Can you just hear Harriet say to Ozzie: "Dear, my breasts are the size of grape seeds. I don't fill out my shirt-waist dress. Men just stare at the pearls around my neck. I'm really self-conscious. And I want full lips so they'll look sexy and pouty so how about some silicone injections for my birthday? What do you think?" Ozzie (shaking his head and smiling): "Well, dear, I personally think your small breasts and pencil thin lips are just the right size. I'm not complaining but if it's what you really want, go ahead and do it. I just hope this won't embarrass Ricky and David."

Can we picture an eight-month pregnant Lucy Ricardo walking into Ricky's night club wearing tight pants and a halter top showing off her naked baby bump? Or, even worse, Ethel and Fred making love on their sofa?

Here's a family show we can all relate to: Two and a Half Men. How can families today (mom, pop, kids, pets) sit down together in their family room to watch a show where two men spend their time chasing women for the purpose of having meaningless sex, projecting the assumption that it is shallow but acceptable behavior? Pass the popcorn.
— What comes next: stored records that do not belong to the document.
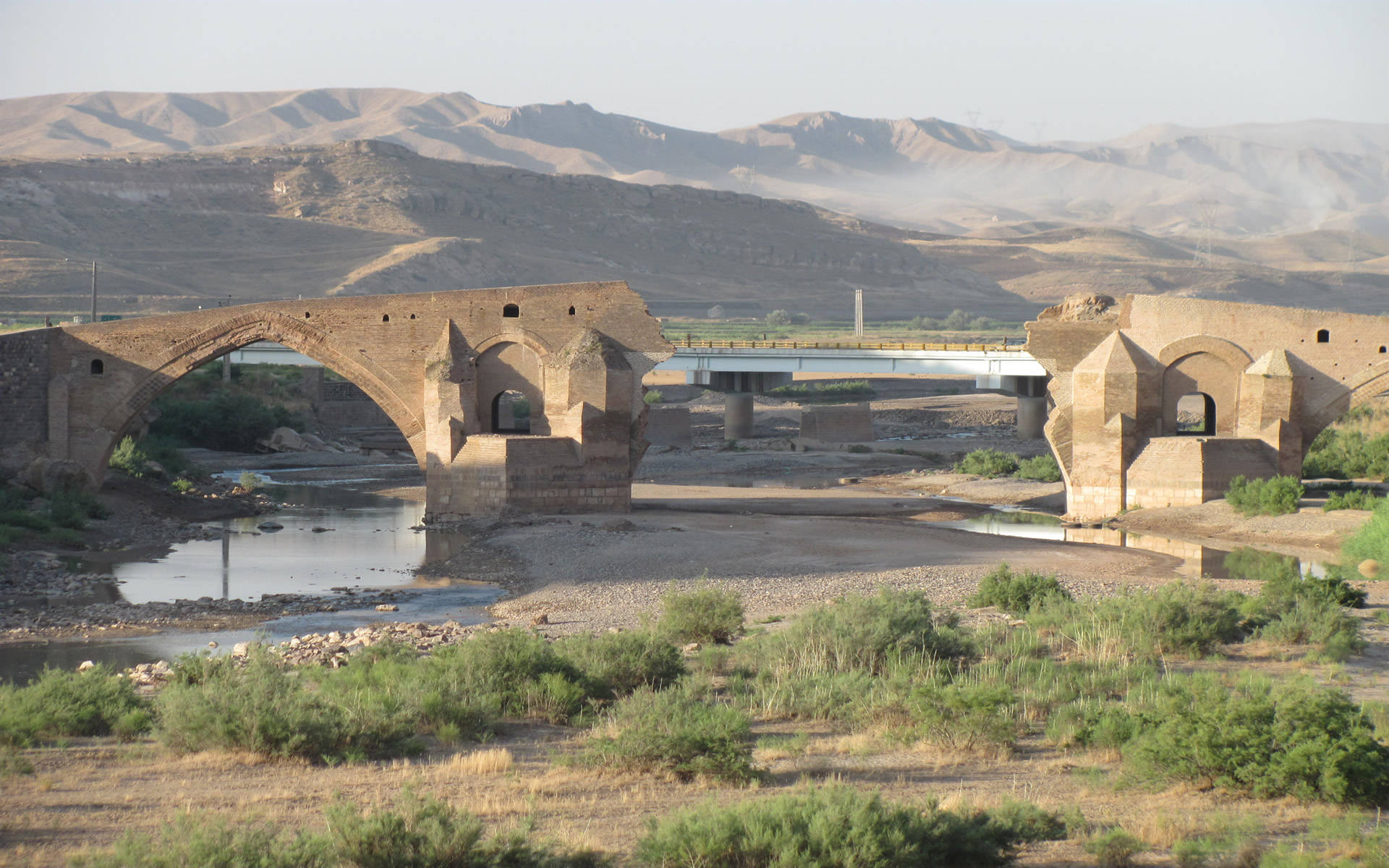 ancient stone arch bridge, dry riverbed, modern concrete bridge, Full HD Desktop Wallpaper
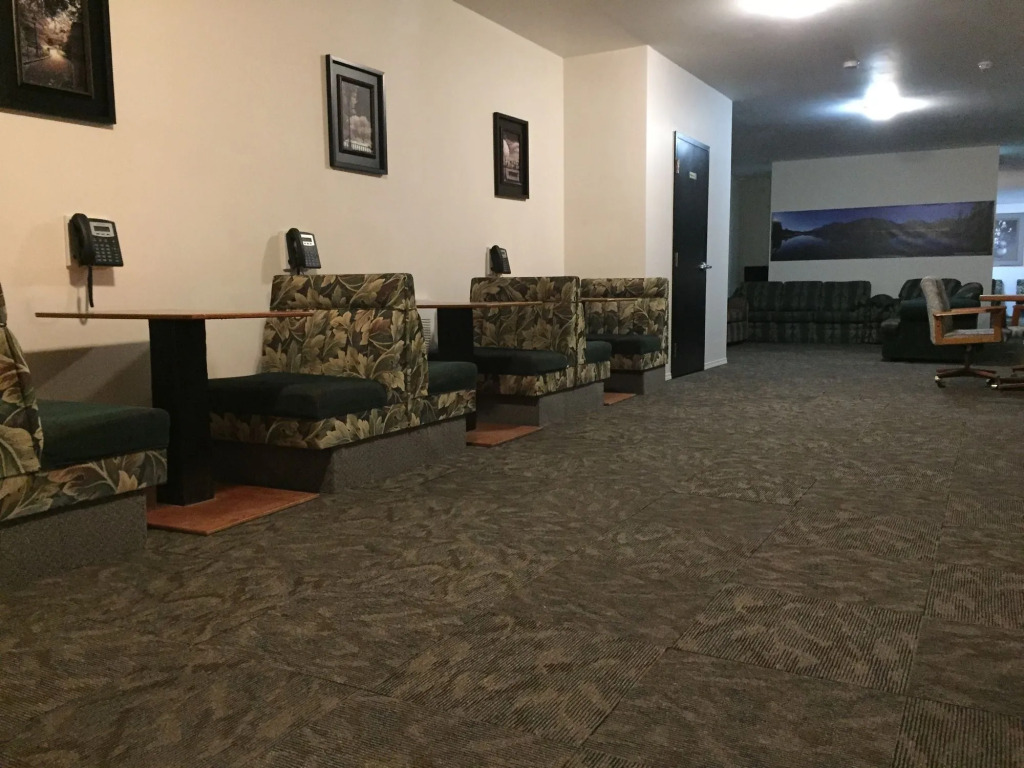 Invermere Hostel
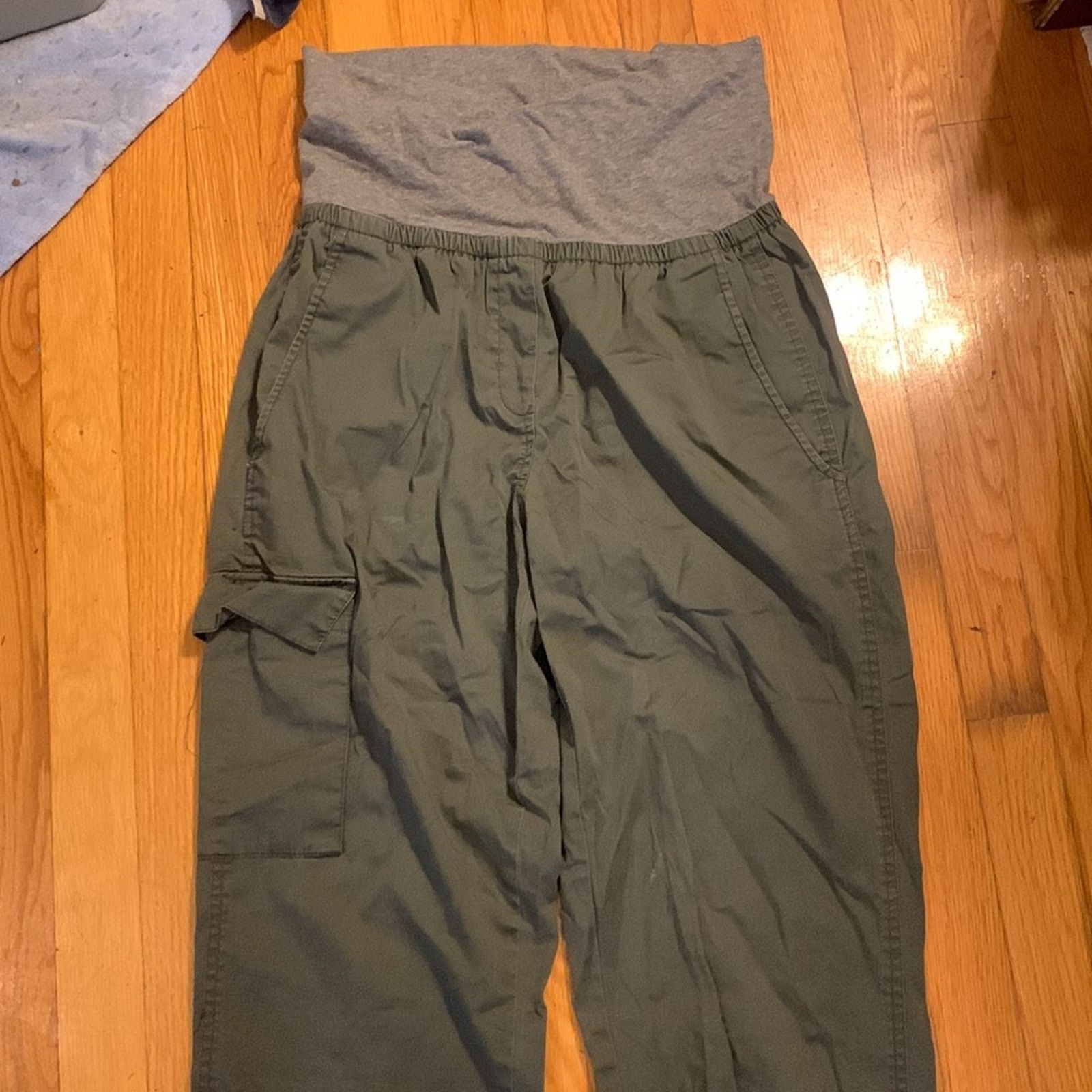 DKNY Pure DKNY maternity olive capri pants Size 32" / US 10 / IT 46 - 1 Thumbnail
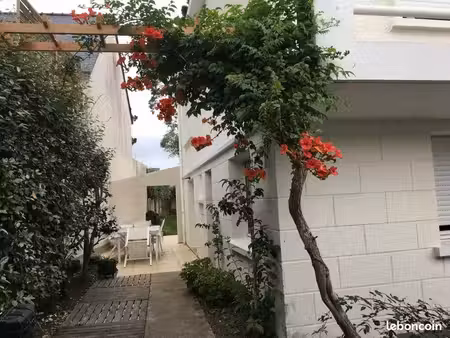 maison 200m port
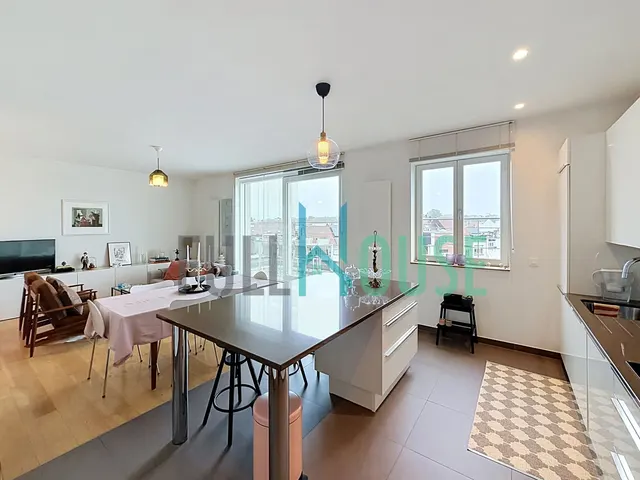 Appartement à louer à Ixelles – 1/10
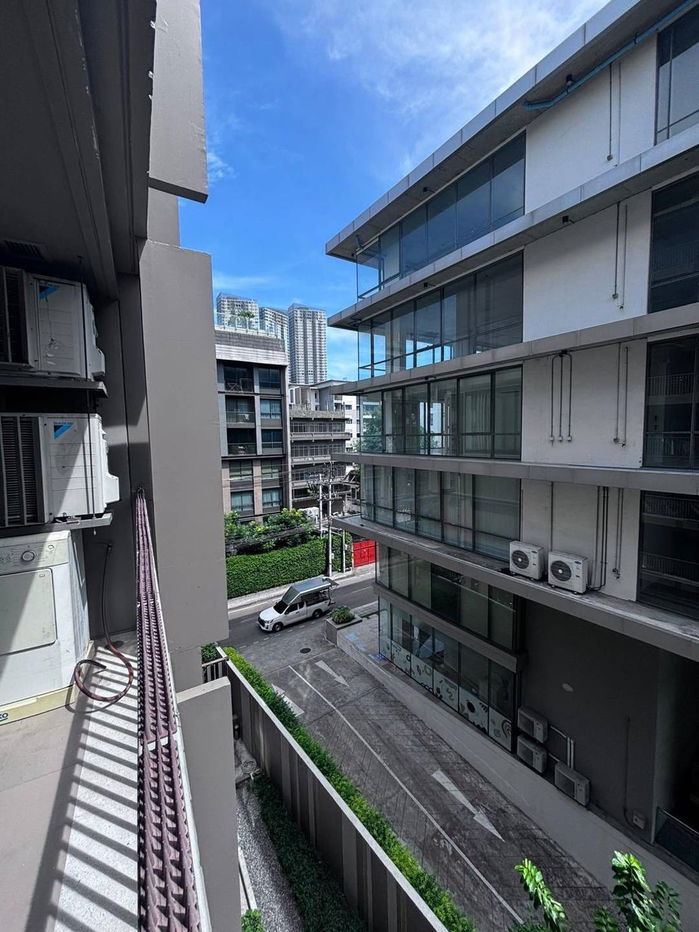 picture For Rent Condo SARI BY SANSIRI Building 1, Floor 5,1 bed room, Room size 50 sqm - 8/9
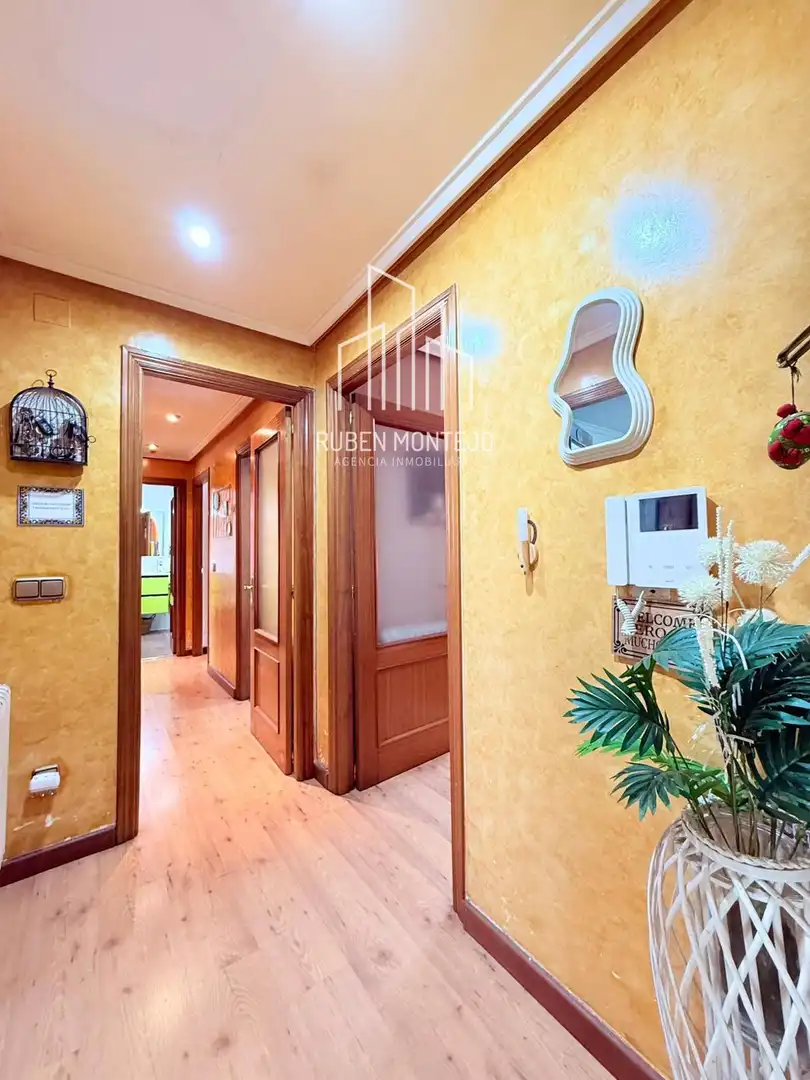 Piso en venta en Salamanca con Calefacción, Terraza y Balcón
And, what happened to romance? Does it even exist anymore? How about that family show The Bachelor: where one single guy courts 25 women for the purpose of having spontaneous sexual encounters with as many women as possible trying to find his one and only true love. Lassie had higher standards.

The "good ol' days" of television may be relative to each generation so perhaps I'm speaking out of turn... but I don't think so. If Lucy came home to Ricky, out of the blue, with big lips and boobs the size of bowling balls, what do we think he would say?

"Lucy! You got some 'splainin' to do!"